The Perennial Plate Episode 53: Lucky Cows from Daniel Klein on Vimeo.

5) HAWKING ON HEAVEN

What’s beyond the moment when the brain finally shuts down? Nothing, Stephen Hawking says in an interview in the Guardian. His comments go beyond his 2010 book in which he argued there is no need for a creator to explain the origins of the universe. “I regard the brain as a computer which will stop working when its components fail. There is no heaven or afterlife for broken down computers; that is a fairy story for people afraid of the dark,” he said.

Bonus: What’s happening here? It’s a gravel road bike race.

bike_race.jpg

Reader Mike Vanderscheuren sent this photo this morning:

Bob, I thought you might be interested in this semi-insane bike race which takes place in Spring Valley, MN called the Almonzo 100. On Saturday, 500 riders started what turned out to be a brutal day on the bike – 40 degrees, rainy and muddy. The conditions were so bad, only about 100 riders finished, with the last riders coming in at around 1am. Unlike other sponsored races, there is no entry fee for this event. It is totally unsupported (meaning you are on your own – for all food and water, mechanical etc.) and 99% of the ride is on gravel back roads. It is becoming a cult-classic among local cyclists, with the conditions only adding to the folklore. On other interesting thing is, while it does attract the race crowd, the $0 entry fee and promise of physical challenge attracts cyclists of all kinds.

Full disclosure – my company is a sponsor of the event – we donate prizes and a small amount of money $250 to support the race director’s efforts.

The photo was taken Saturday by Eric Leugers.
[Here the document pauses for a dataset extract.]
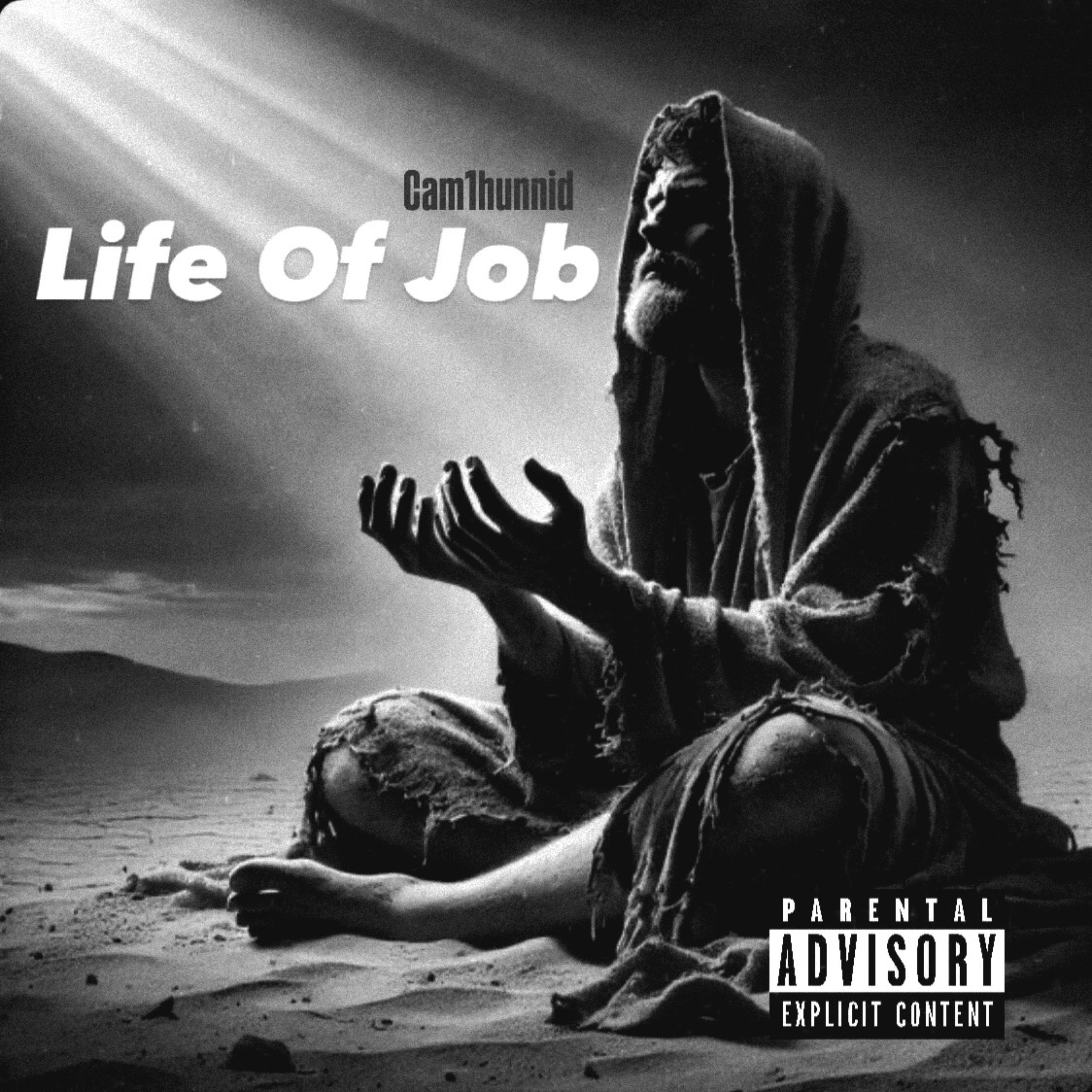 Life Of Job artwork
Here’s the race blog.

TODAY’S QUESTION

Today MPR News begins a series of reports exploring the issue of bullying and what can be done to address it. Today’s Question: What’s been your experience with bullying?

WHAT WE’RE DOING

Midmorning (9-11 a.m.) – First hour: Democrat legislative leaders discuss the effort to come up with a budget.

Second hour: . Is today’s popular music indicative of increasing self-absorption, or is defining a generation by the billboard charts a bit of a stretch?
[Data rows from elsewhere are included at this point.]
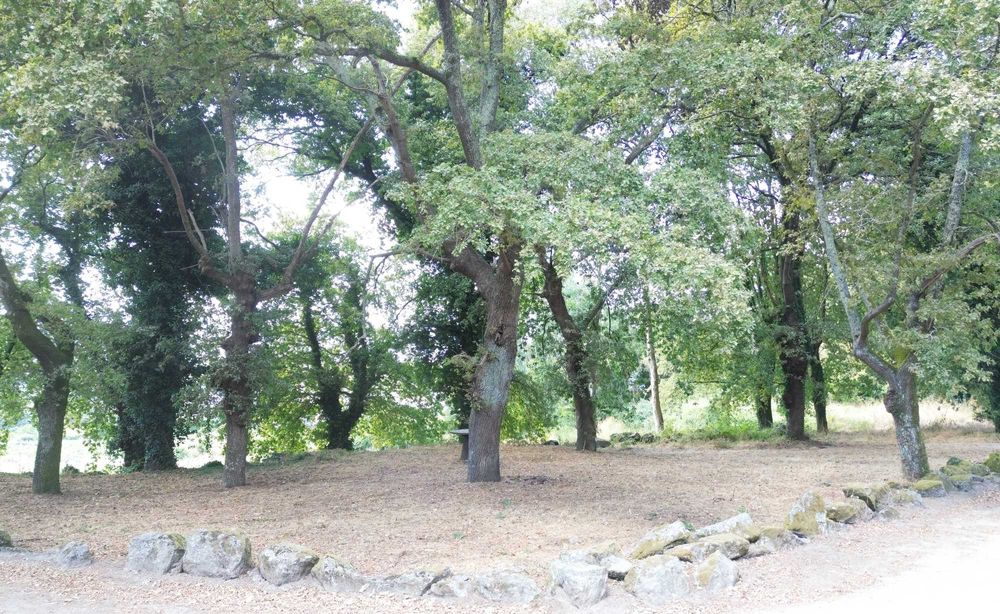Terreno e Monte Guimarães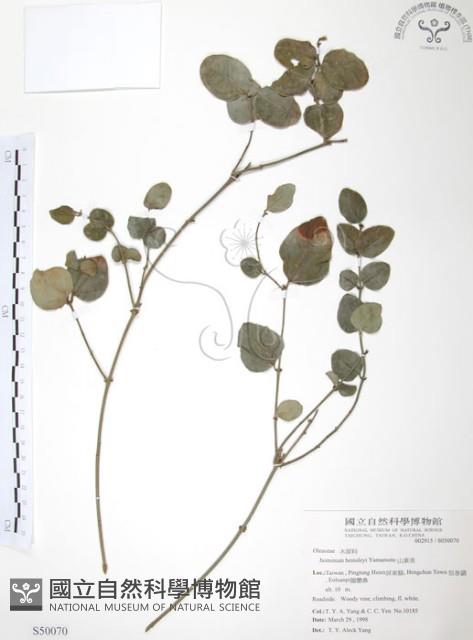 山素英藏品圖，第1張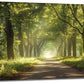 Large Forest Tree Wall Art Canvas Living Room Nature Green Pictures Framed Prints Oversize Wall Decor Landscape Painting for Bedroom Dining Office Home 60"x30"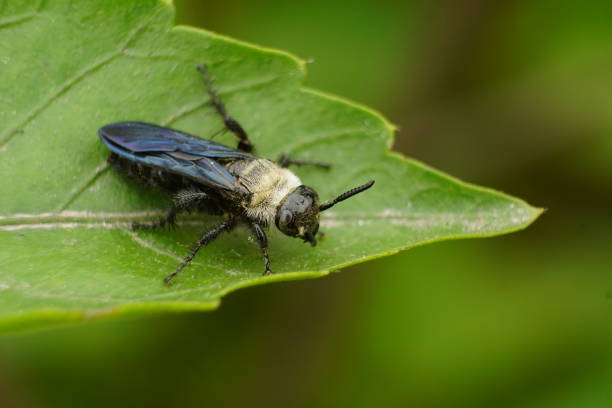 istock Close-up of Scoliid Wasps on tree leaves 2080340429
Midday (11 a.m. – 1 p.m.) – First hour: Republican legislative leaders discuss the effort to come up with a budget.

Second hour: Former National security advisor General James Jones at the National Press Club.

Talk of the Nation (1-3 p.m.) – First hour: TBA

Second hour: Recovery after brain injuries.

All Things Considered (3-6:30 p.m.) – In the kickoff to his week-long series, MPR’s Tom Weber reports on what Minnesota could be doing to respond to bullying in its schools.

MPR’s Tim Post says the University of Minnesota’s law school expects to lose most, if not all, of its state funding this year as lawmakers consider cuts to higher education funding. He’ll examine the impact.